Before they marry, some Florida couples execute a prenuptial agreement to protect their personal or business assets. As noted by SmartAsset, prenuptial agreements may also include instructions for preserving the inheritances of children born during a previous marriage.
Prenups generally describe which assets a spouse designates as “separate property.” The described assets may not become part of a couple’s shared marital property. With signed agreements, Sunshine State divorce court judges may uphold an individual’s separate business interests, retirement or pension plans along with other valuable properties.
Agreements may require post-marital modifications
Some couples may experience an unanticipated change in their financial circumstances during their marriage. A spouse may, for example, lose a high-salaried position or develop an obsession involving expensive pursuits such as exotic vacations.

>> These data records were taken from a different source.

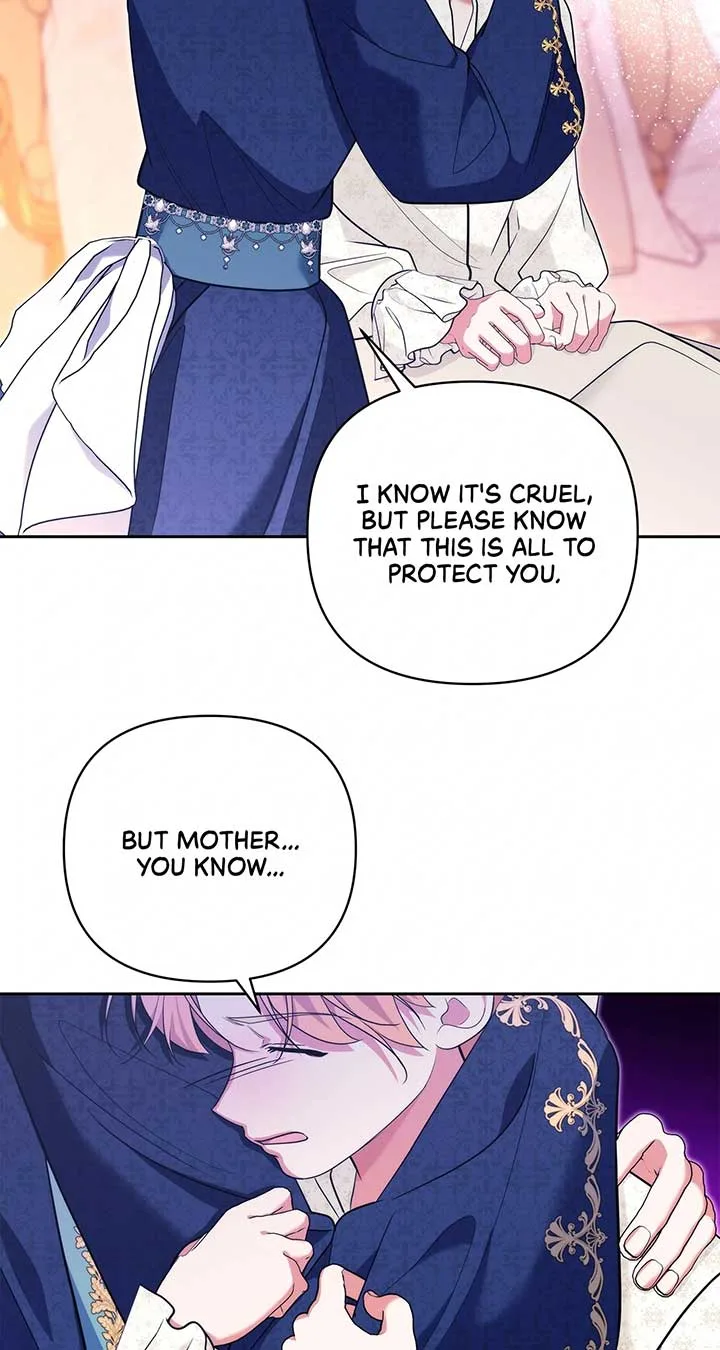 Marriage with the Archduke, I Know Now Chapter 53 page 44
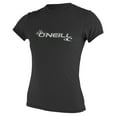 thumbnail image 1 of O'Neill Women's Basic Skins UPF 50+ Short Sleeve Sun Shirt, 1 of 6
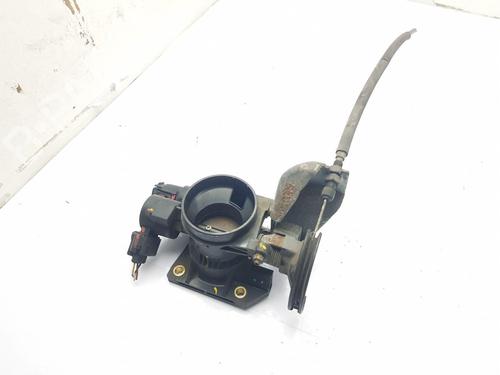 Used Throttle body Throttle body CITROËN C1 (PM_, PN_) 1.0 (68 hp) 34226331 34226331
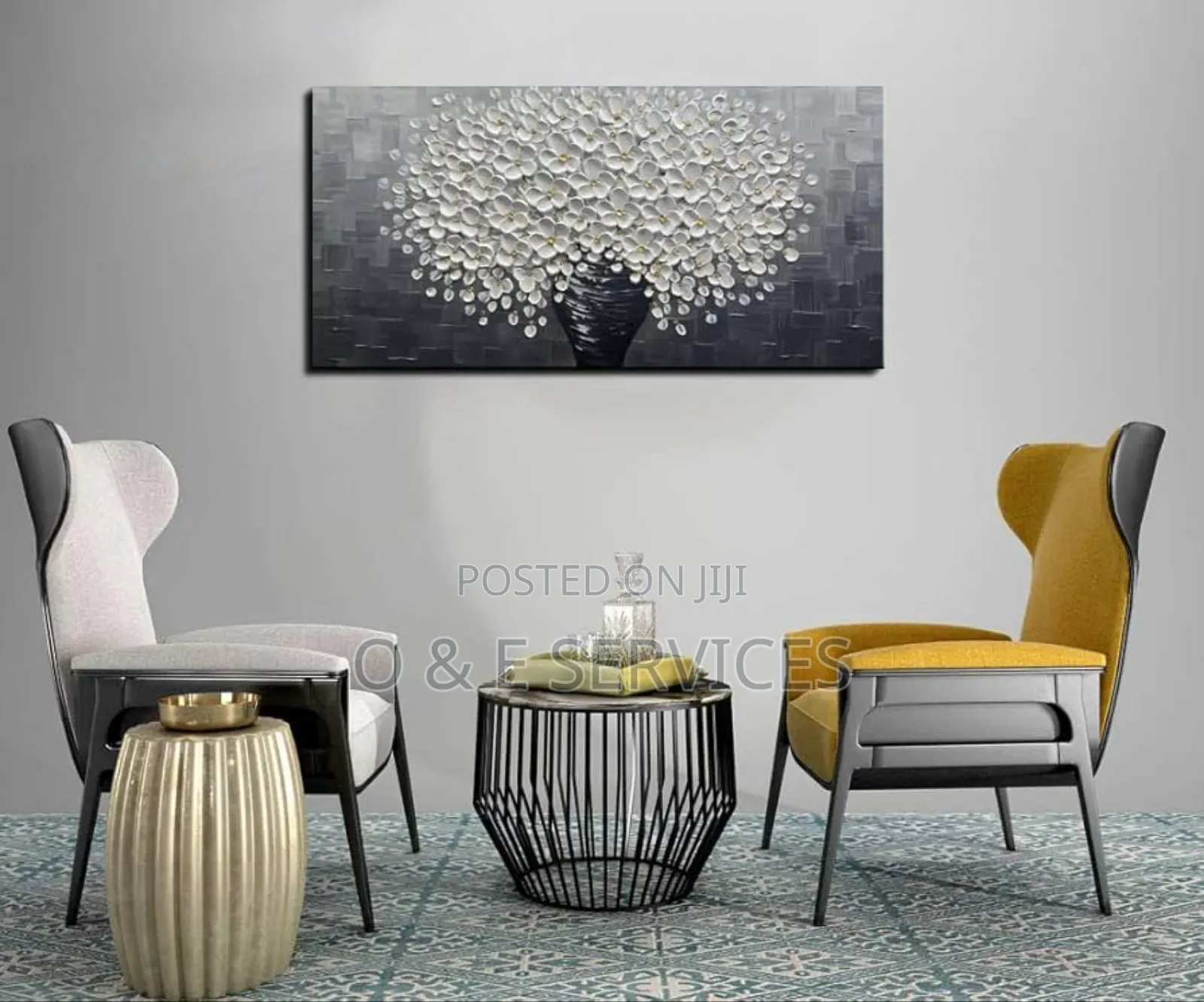 Professional Painter And Cleaner
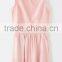 Wholesale Woman Dress, Latest Dress Design , custom casual dress summer 2pcs dress fashion lady dress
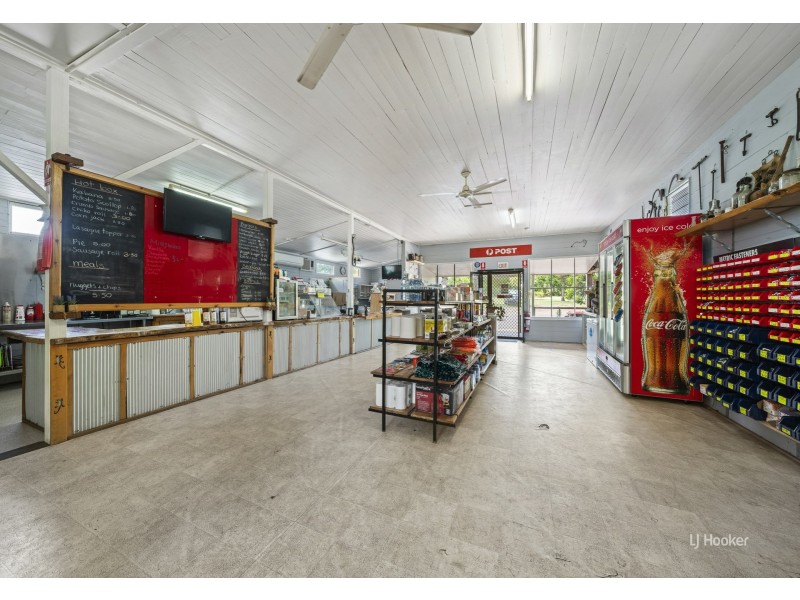 5 Scott Street, Benarkin QLD 4306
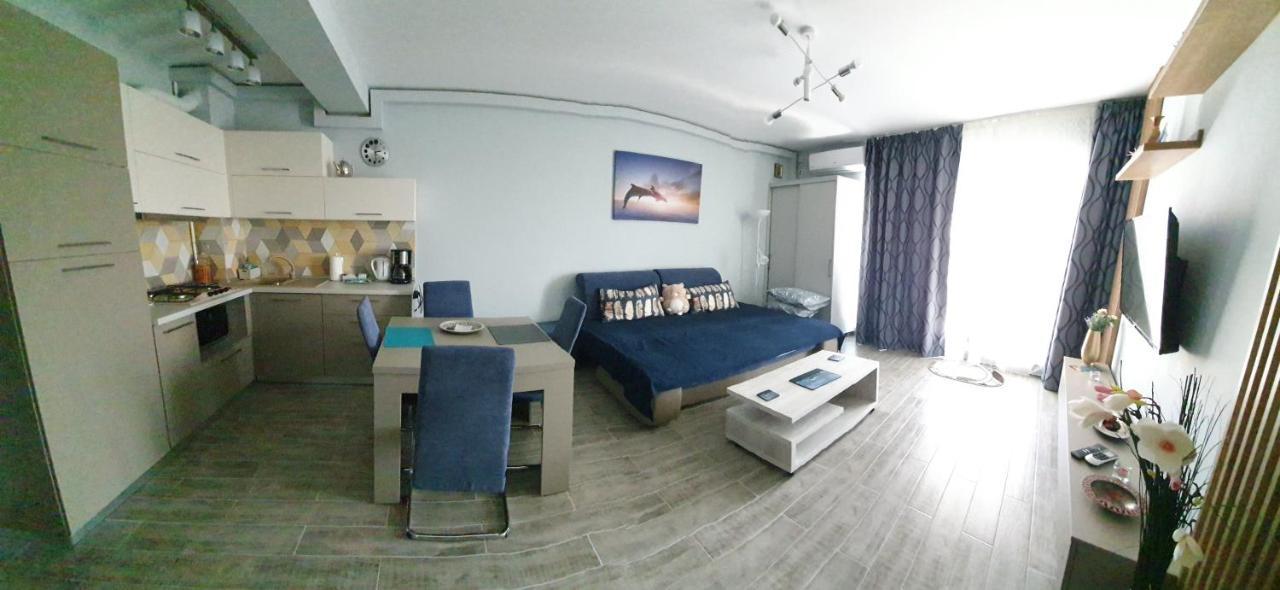 Mara By The Sea, Apartment Нэводари Экстерьер фото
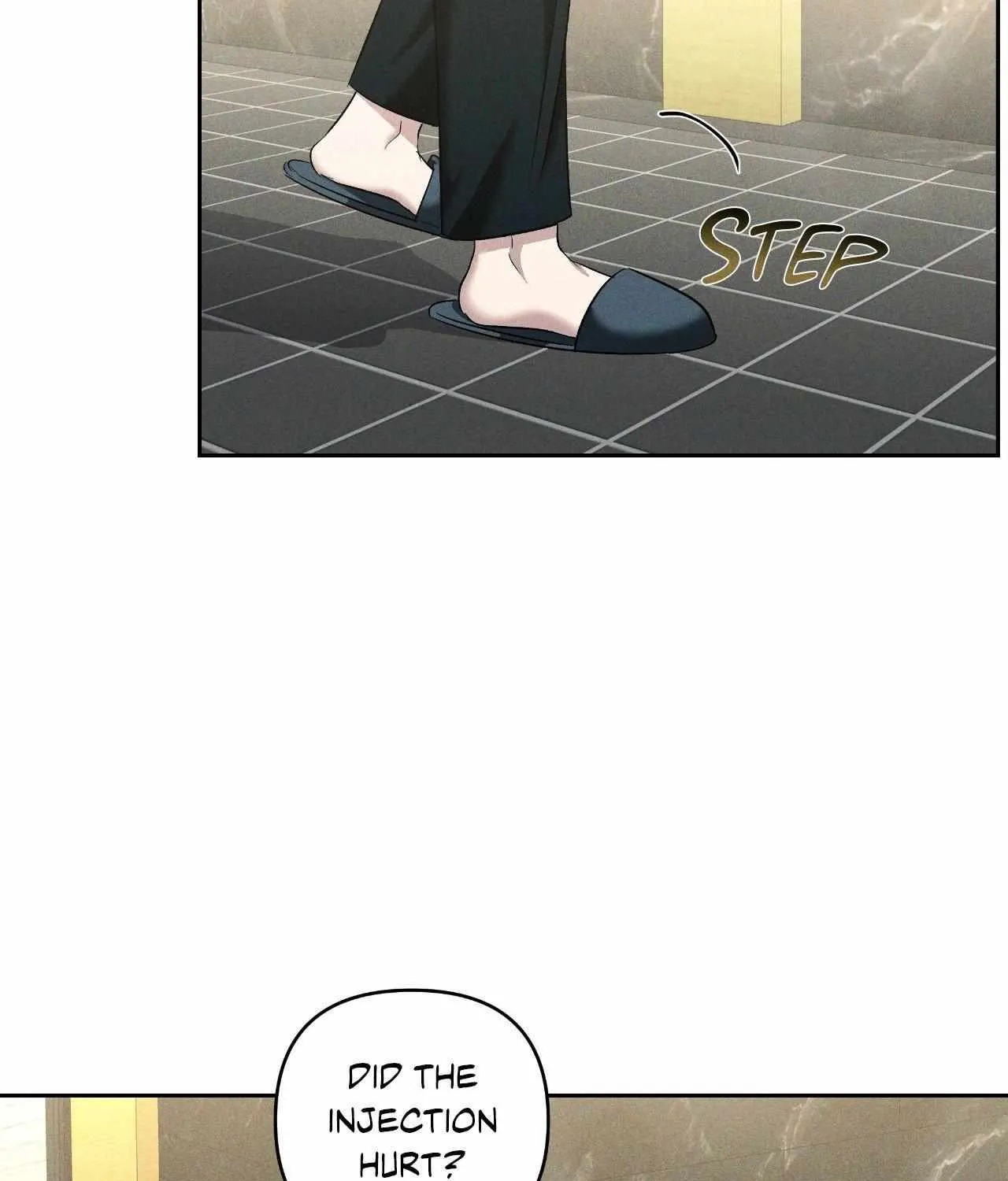 Eden (Hocco) Chapter 43 page 49 - 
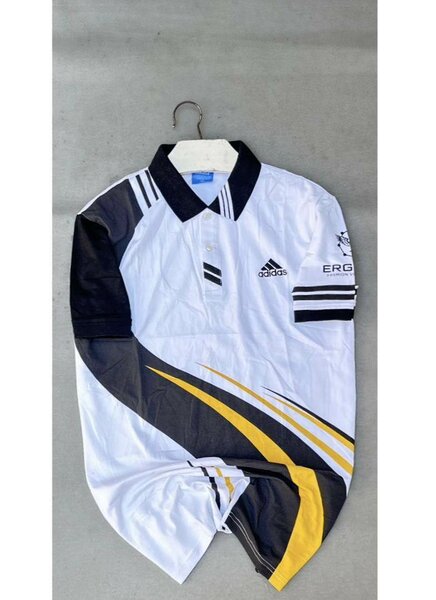 Polo classe pour homme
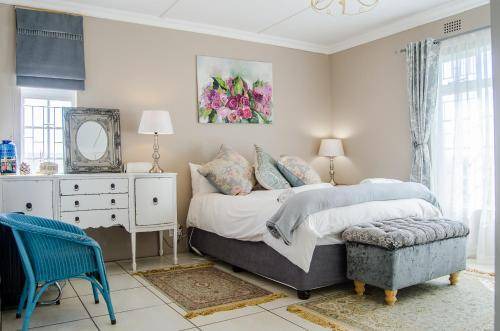 Photo of Bedroom in Bloemendal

A couple’s new lifestyle may result in commingling a spouse’s separate property with marital property. A revised prenup may then specify provisions for dividing assets based on the unexpected changes. A postnuptial agreement may, for example, require a spouse to pay alimony or detail how the couple plans to split their debts in a divorce.
Grounds may exist for agreement voids or contests
Contentious divorces may include spouses attempting to void their signed prenuptial or postnuptial agreements. A judge may review the terms or language and determine their fairness to both parties. If a spouse coerced another spouse to sign it, for example, a judge may void the agreement.
According to the Florida Bar, prenups cannot contain falsified information or result from an individual signing under duress. The Sunshine State’s law also requires both individuals to read their documents and obtain legal counsel.